After 3½ days’ deliberations, a jury convicted a Point Loma woman Aug. 4 of embezzling millions from the former owner of the now closed Jack’s La Jolla Restaurant, where she served as the firm’s bookkeeper.
Tara Virginia Moore, 42, had been free on $400,000 bond but was remanded to jail immediately after the jury convicted her of six felony counts, including three counts of grand theft and fraudulent appropriation by a bookkeeper.
Moore did not testify in the seven-week trial before the eight-woman, four-man jury. Moore’s attorney, Paul Pfingst, argued Moore should remain free on bond, but the judge ordered her jailed immediately. Pfingst, a former district attorney, argued Moore had loaned Jack’s La Jolla money and was paying herself back for the loans.
Sentencing is set for Sept. 2. She faces a sentence ranging from 10 to 20 years, said Deputy District Attorney William Mitchell. He said he was relieved by the verdict because he has been working on the case since Moore’s arrest in September 2011.
Mitchell praised the jury, saying the panel was “a very intelligent jury that was able to understand complex evidence and exhibits and come to the right decision.
“She will be ordered to pay restitution. But good luck on that,” said Mitchell, adding that Moore had declared bankruptcy, but that that it is not final either.
Mitchell repeatedly told jurors in a closing argument to “follow the money [trail].” After Pfingst told jurors the prosecution’s analysis and methodology was too flawed to reach any guilty verdict, Mitchell told jurors in his rebuttal argument to “follow the money and it will tell you the truth of the charges.”

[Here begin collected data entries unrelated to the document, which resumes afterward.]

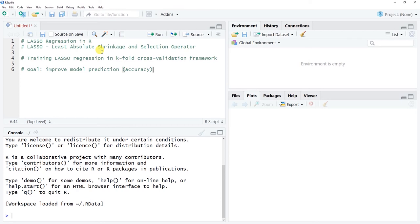With LASSO regression, a key concept is shrinkage. LASSO selects the most important predictor variables by shrinking regression coefficients of the least important variables down to zero. This reduces the amount of shrinkage when a trained model is applied to new data. Shrinkage refers to a reduction in model performance — such as a reduction in R-squared — when the model is applied to a new sample it hasn't seen before.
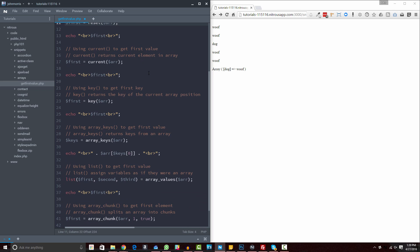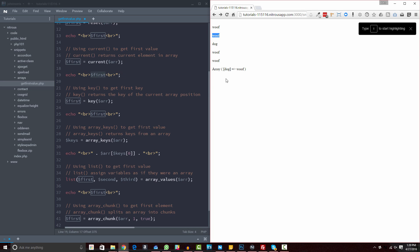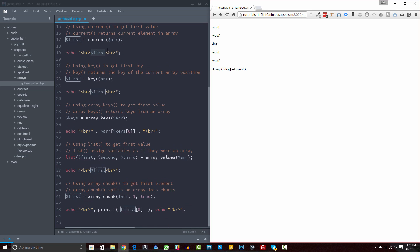The second method is using current(). What current() does is return the value of the current element in the array. Since we haven't been doing any looping and nothing else is affecting the pointer, the current element is the first element. So we can use that to find the first element, and echoing it out gives us 'woof'. The difference between current() and reset() is that current() gives you whatever element the pointer is on, while reset() guarantees it resets back to the first. Depending on your program, current() may be a better option.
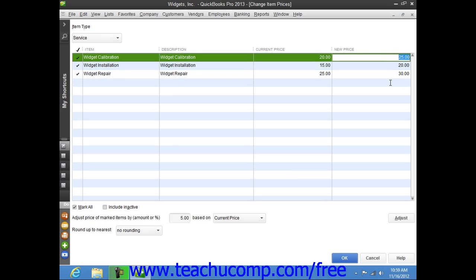In order to set the pricing shown within the New Price column, simply click the OK button at the bottom of this window to close the window and save your pricing changes.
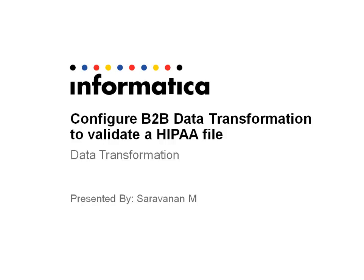Hello everyone, I am Saravanan. I am going to demonstrate how to configure B2B data transformation to validate a HIPAA file.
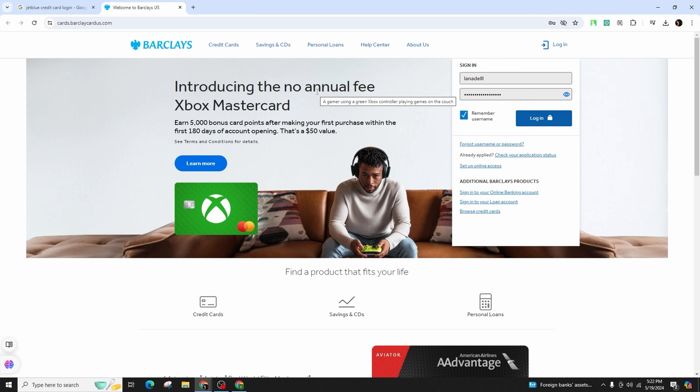If you haven't set up your account yet, you can enroll for online access to create one as well. These simple steps will help you easily manage your JetBlue credit card account.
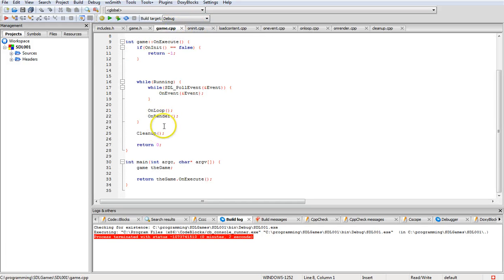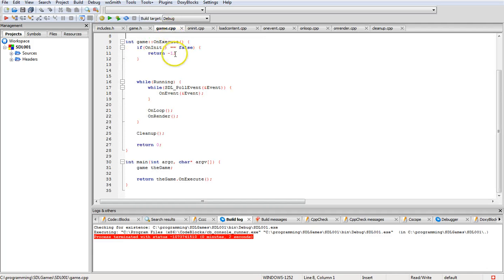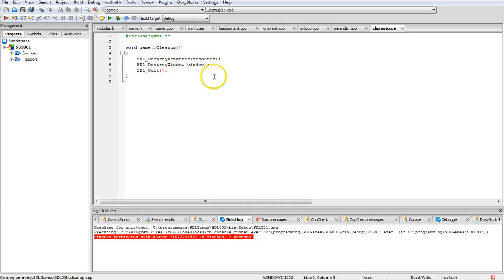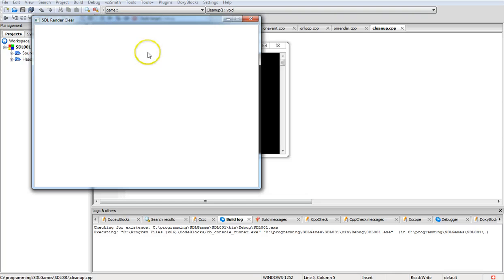On render right now there's nothing in it also at current. Then cleanup, there is a bit of code in there, not much. It cleans up the render, gets rid of it, gets rid of window and then quits, very simple. So again, if we run, we get this.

Moore was also found guilty of theft from an elder, Dragica Markovich, who was Moore’s former mother-in-law, in 2005 in what Pfingst described as a loan. Markovich testified via a videotaped deposition made in 2012. The loss was listed as $1.3 million in verdict forms.
She was found guilty of defrauding $1.3 million from William Berkley, the former owner of Jack’s La Jolla, which went out of business in 2009, leaving 120 people out of work. It opened in 2003. Many former employees testified.

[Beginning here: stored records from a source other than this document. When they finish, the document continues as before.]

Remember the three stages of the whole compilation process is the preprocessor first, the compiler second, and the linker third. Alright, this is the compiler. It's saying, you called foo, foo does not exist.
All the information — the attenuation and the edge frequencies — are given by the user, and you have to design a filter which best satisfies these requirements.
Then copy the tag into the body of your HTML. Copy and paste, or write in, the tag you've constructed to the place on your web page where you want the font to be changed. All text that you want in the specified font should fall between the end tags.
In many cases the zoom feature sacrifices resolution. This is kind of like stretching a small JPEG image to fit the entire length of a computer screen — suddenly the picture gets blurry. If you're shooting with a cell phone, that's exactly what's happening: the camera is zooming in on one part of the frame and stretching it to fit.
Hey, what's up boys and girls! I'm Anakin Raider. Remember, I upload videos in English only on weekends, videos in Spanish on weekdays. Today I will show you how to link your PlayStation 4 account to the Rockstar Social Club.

Moore was also found guilty of grand theft from another ex-employer, Richard Anderson, whose loss was listed as $200,000. She was also convicted of theft from the U.S. Department of Veterans Affairs involving $65,000 in benefits she collected from a deceased former husband after she remarried.
The jury also convicted Moore of forgery but deadlocked on a second forgery charge. The jury acquitted Moore of a second grand-theft count involving Veterans Affairs. Pfingst argued Moore had written receipts from the restaurant owner indicating she was loaning the restaurant money because it developed a cash-flow problem. Mitchell told jurors that restoring money taken in a theft is not a defense.
Pfingst said Jack’s La Jolla closed because it was not making a profit and that profit-loss statements were continually prepared for the owner during its operations. He told jurors not to consider the closure of the restaurant as relevant to the case.
The jury heard two days of closing arguments and began their discussions on July 30.